*TASK REQUIREMENTS:* Repeat verbatim, and only, the lines of the data below, beginning at the line that contains "日本酒】「奥六 Okuroku 特別純米 生酛 Classical」入荷致しました" and stopping after the line that contains "地中海的心脏马耳他,马耳他自助游攻略".

[Records from a collection]
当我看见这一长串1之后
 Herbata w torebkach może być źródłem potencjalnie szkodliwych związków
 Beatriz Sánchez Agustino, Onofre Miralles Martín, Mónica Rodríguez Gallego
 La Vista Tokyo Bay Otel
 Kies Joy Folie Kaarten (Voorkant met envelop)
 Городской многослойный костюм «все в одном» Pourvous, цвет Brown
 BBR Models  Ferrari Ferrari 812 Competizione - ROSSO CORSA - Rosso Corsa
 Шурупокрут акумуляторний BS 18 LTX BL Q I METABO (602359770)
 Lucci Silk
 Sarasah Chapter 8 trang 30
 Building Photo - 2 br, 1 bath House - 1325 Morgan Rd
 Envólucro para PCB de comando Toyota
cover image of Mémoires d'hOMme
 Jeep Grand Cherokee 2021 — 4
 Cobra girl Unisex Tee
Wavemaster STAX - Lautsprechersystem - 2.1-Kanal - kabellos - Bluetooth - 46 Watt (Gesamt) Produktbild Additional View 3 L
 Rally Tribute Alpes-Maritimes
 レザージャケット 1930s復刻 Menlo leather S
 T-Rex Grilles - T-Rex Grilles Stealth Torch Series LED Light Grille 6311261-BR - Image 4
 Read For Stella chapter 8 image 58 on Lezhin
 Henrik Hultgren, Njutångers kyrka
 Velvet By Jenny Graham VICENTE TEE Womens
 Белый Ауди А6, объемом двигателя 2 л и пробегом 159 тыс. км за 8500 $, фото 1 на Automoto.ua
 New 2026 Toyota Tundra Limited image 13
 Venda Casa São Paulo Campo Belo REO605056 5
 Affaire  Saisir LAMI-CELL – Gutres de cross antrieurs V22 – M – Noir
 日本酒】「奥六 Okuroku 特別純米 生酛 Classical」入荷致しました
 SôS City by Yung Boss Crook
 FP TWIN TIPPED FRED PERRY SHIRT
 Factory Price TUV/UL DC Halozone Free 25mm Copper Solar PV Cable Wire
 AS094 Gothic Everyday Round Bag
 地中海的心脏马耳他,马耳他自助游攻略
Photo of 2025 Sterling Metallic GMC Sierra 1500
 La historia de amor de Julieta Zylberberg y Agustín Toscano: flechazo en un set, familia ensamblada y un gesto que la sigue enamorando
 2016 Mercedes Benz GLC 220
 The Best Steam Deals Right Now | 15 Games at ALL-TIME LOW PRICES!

*PROBLEM SOLUTION:*
 日本酒】「奥六 Okuroku 特別純米 生酛 Classical」入荷致しました
 SôS City by Yung Boss Crook
 FP TWIN TIPPED FRED PERRY SHIRT
 Factory Price TUV/UL DC Halozone Free 25mm Copper Solar PV Cable Wire
 AS094 Gothic Everyday Round Bag
 地中海的心脏马耳他,马耳他自助游攻略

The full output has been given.